Cholangiocarcinoma is an aggressive disease. Sadly the therapies at the moment are limited to a first line chemotherapy-based treatment. We have a clearer understanding of the genetic changes that can occur with cholangiocarcinoma and one of those changes is the mutation of IDH1. IDH1, when it is mutated it can cause a reduction of α-ketoglutarate to 2-hydroxyglutarate that is oncometabolised that can cause oncogenetic changes. The mutation of IDH1 can occur in about 20% of the patients with cholangiocarcinoma and we don’t see that it does favour a good outcome. As such, and based on a phase I clinical trial that included a cohort of about 73 patients with cholangiocarcinoma, we saw an improvement in the progression free survival to 3.8 months and overall survival to 13.8 months. This was enough justification to carry on with the ClarIDHy study that evaluated ivosidenib versus placebo in phase III.
In the phase III clinical trial, the CLarIDHy, which was a global phase III randomised double blinded study for patients with advanced cholangiocarcinoma and mutated isocitrate dehydrogenase-1, or IDH1. Patients who were eligible had to have evidence histologically of the cholangiocarcinoma, they had to have a mutation of the IDH1 confirmed, good performance status, at least one, maximum two, prior lines of chemotherapy that should have included gemcitabine or 5-fluorouracil. Patients were randomised after confirming the mutation to a two to one randomisation to ivosidenib at 5mg daily that was done in a continuous fashion versus placebo.

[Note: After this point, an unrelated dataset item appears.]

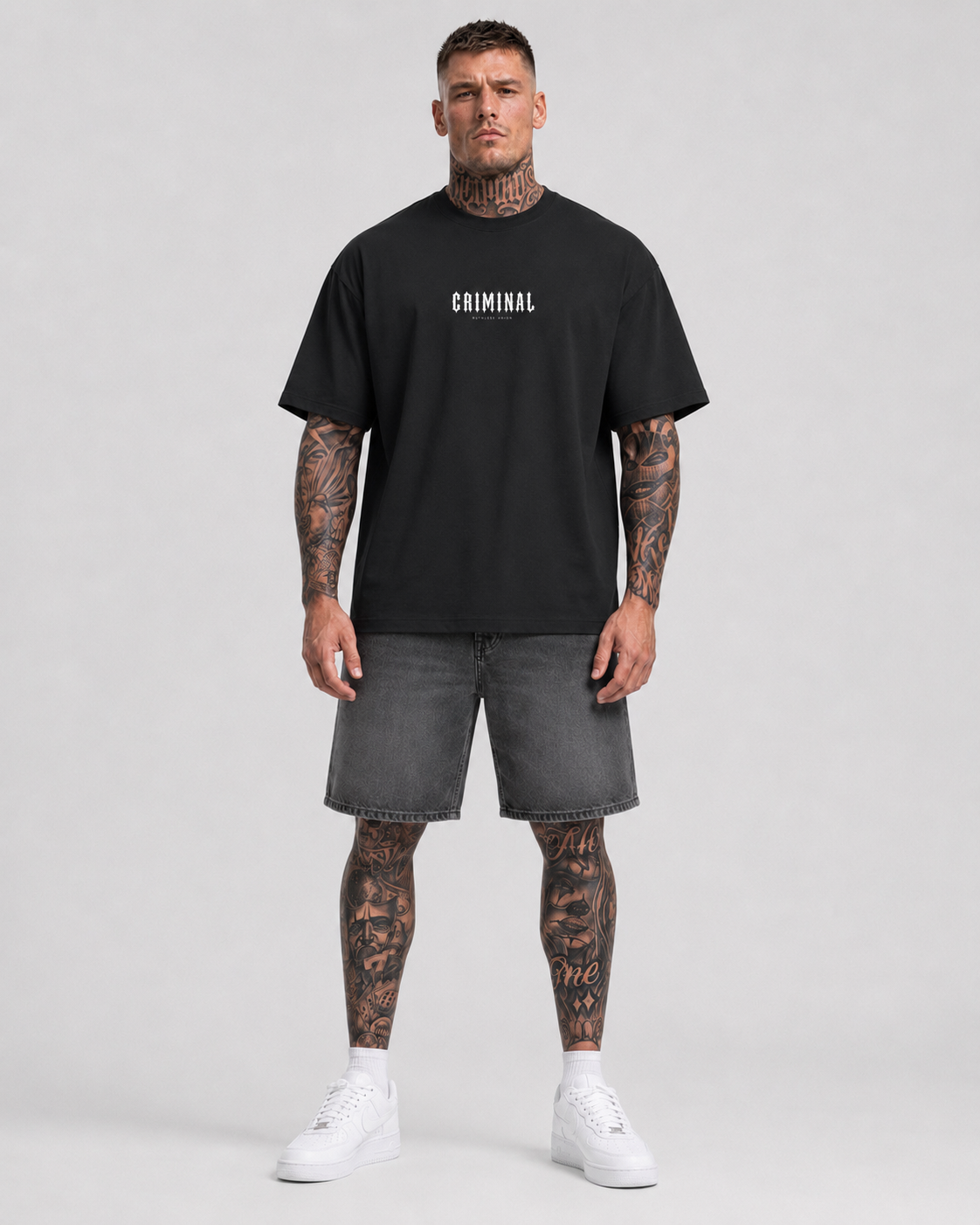 Criminal Oversized Tee Black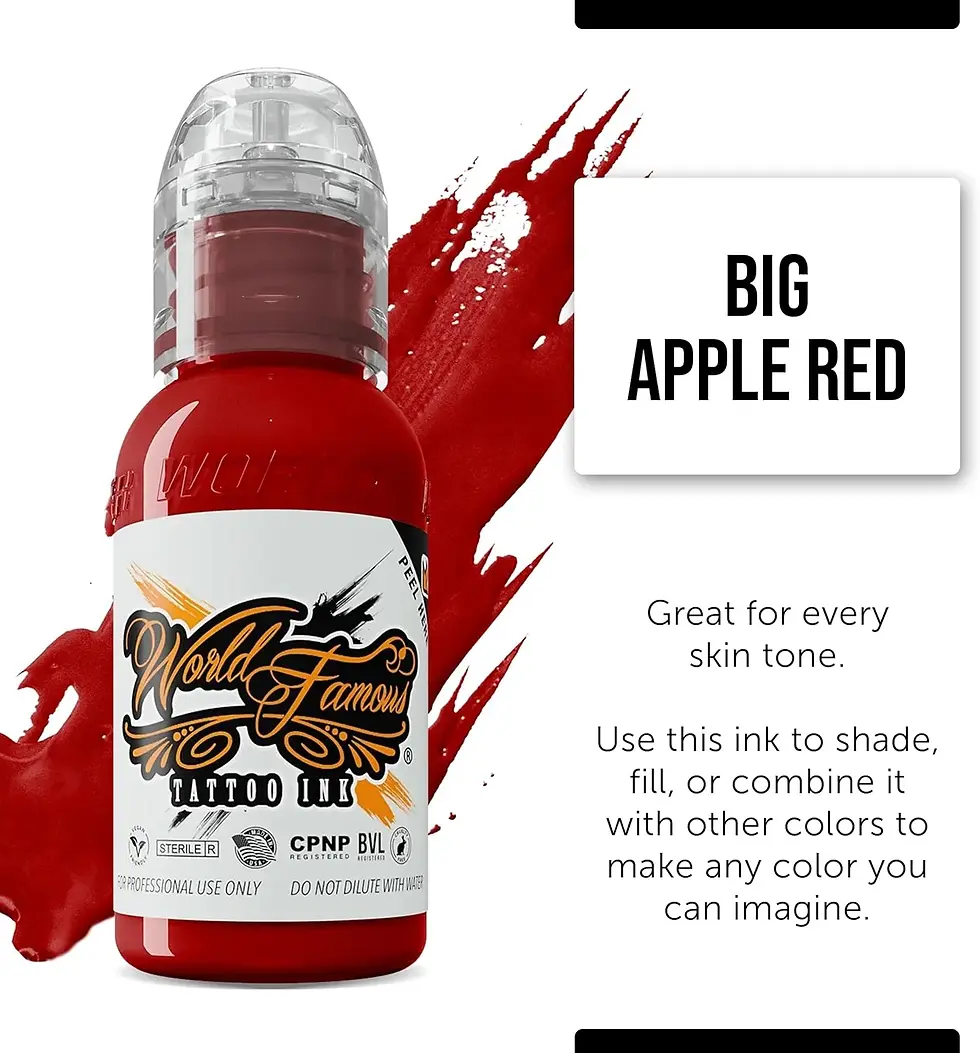 Thumbnail: 17Colors 15ML Tattoo Ink World Famous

Very importantly, the patients on the placebo arm, and especially because they have the mutation, to be given the opportunity to be evaluated with the drug or get the opportunity to be exposed to the drug were allowed to cross over after radiological progression to start on the ivosidenib.
The study primary endpoint was progression free survival. There was a clear separation of the curves that was starting to be seen right at the time of the first CAT scan, which is about 1½ months. The hazard ratio was 0.38 with a p-value less than 0.001. In addition to that the median progression free survival was 2.4 months versus 1.8. More importantly though, because the separation of the curves happened at the start of the first CAT scan we saw a continued separation with at least at six months progression free survival 32% of the patients on the ivosidenib arm were still progression free and alive. Also, a twelve month progression free survival was 22% for the ivosidenib while, interestingly, for the placebo arm both the six month progression free survival and twelve month progression free survival was not evaluable or estimable because there were no patients there.
The progression free survival was appropriate justification for different reasons, among which, yes, we wanted to give the opportunity for everybody. At the same time I give a lot of credit for the advocacy groups that really supported the exposure and the opportunity for patients to be at least given a chance to be evaluated while getting on the ivosidenib.
The drug was rather well tolerated. The common side effects or adverse events that we have seen all across the grade were 3, pretty much nausea and diarrhoea and fatigue. When it comes to grade 3 or above adverse events the ones that were commonly seen were anaemia, increased bilirubin, increased AST and ascites. Interestingly, though, the numbers were acceptably low and, if anything, the drug was, and on personal experience was, rather well tolerated.
At the progression free survival that we discussed, the overall survival in view of the crossover were able to calculate it based on what we call a RPSFT method that will allow us to evaluate the overall survival for the placebo arm as if the patients never crossed over. We ended up with 10.8 months for the ivosidenib arm versus 6 months for the placebo arm with a hazard ratio of 0.47, p-value of less than 0.001. Between the results of the progression free survival as primary endpoint, as well as the overall survival, added to other positive points among which are the response rate, we showed quite a bit of stable disease. In view of the cytostatic nature of the drug and, of course, the tolerability based on the adverse events profile, I think this will be hopefully practice-changing and it will be an opportunity that will be available for patients with advanced cholangiocarcinoma and mutated IDH1.